What is required:
Repeat the span of the entries below that starts at the line with "Solo I Black" and ends at the line with "manifest - Intro", nothing more. Skip the pictures.

Records to process:
────────────────
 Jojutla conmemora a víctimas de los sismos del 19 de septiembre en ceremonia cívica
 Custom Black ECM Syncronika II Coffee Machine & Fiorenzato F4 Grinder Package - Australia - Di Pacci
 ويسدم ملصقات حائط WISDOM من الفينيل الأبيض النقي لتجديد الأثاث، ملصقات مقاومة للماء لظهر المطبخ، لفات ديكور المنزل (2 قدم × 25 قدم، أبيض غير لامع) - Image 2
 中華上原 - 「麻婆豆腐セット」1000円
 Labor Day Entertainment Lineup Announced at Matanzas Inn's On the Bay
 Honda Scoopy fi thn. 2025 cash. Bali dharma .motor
────────────────
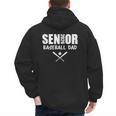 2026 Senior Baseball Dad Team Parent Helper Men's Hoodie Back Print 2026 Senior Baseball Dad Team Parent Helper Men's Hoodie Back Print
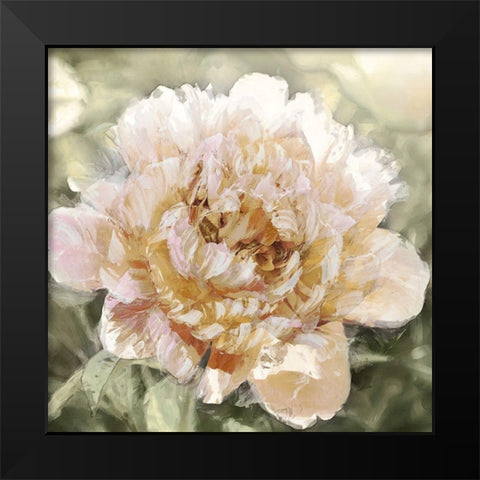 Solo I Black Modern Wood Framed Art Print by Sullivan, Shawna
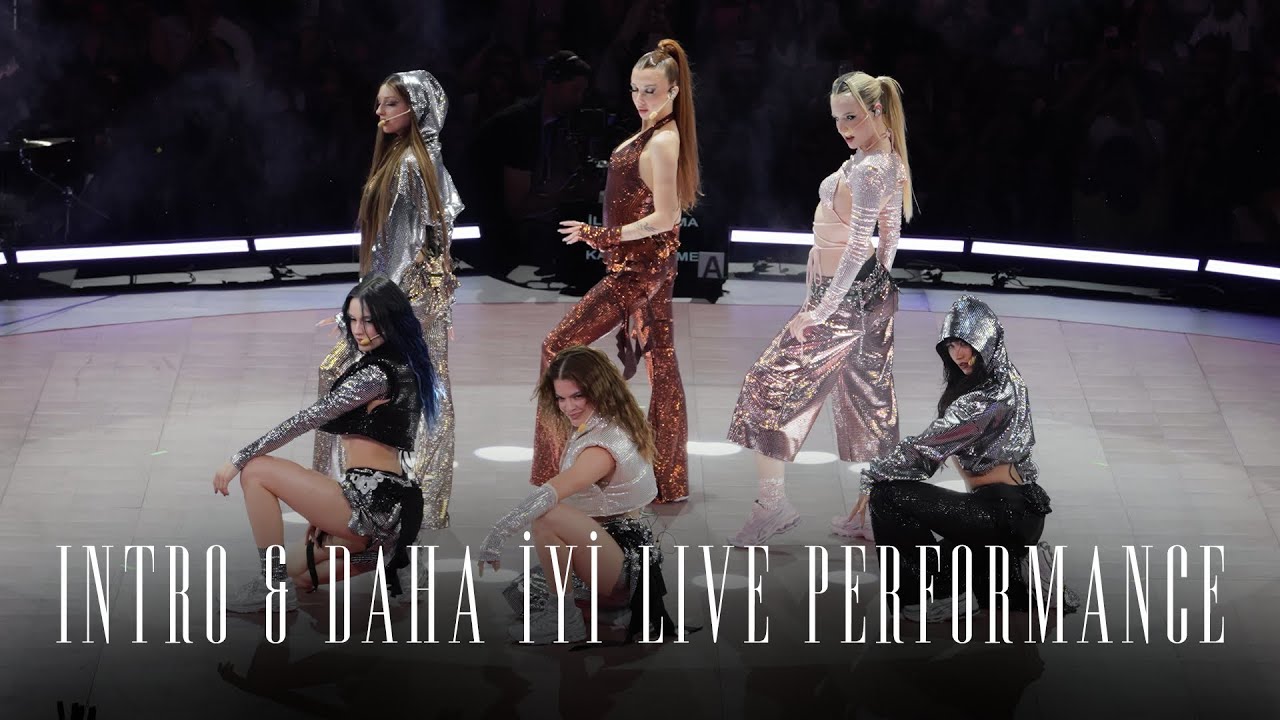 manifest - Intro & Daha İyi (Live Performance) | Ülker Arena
────────────────
Expected answer:
 Solo I Black Modern Wood Framed Art Print by Sullivan, Shawna
 manifest - Intro & Daha İyi (Live Performance) | Ülker Arena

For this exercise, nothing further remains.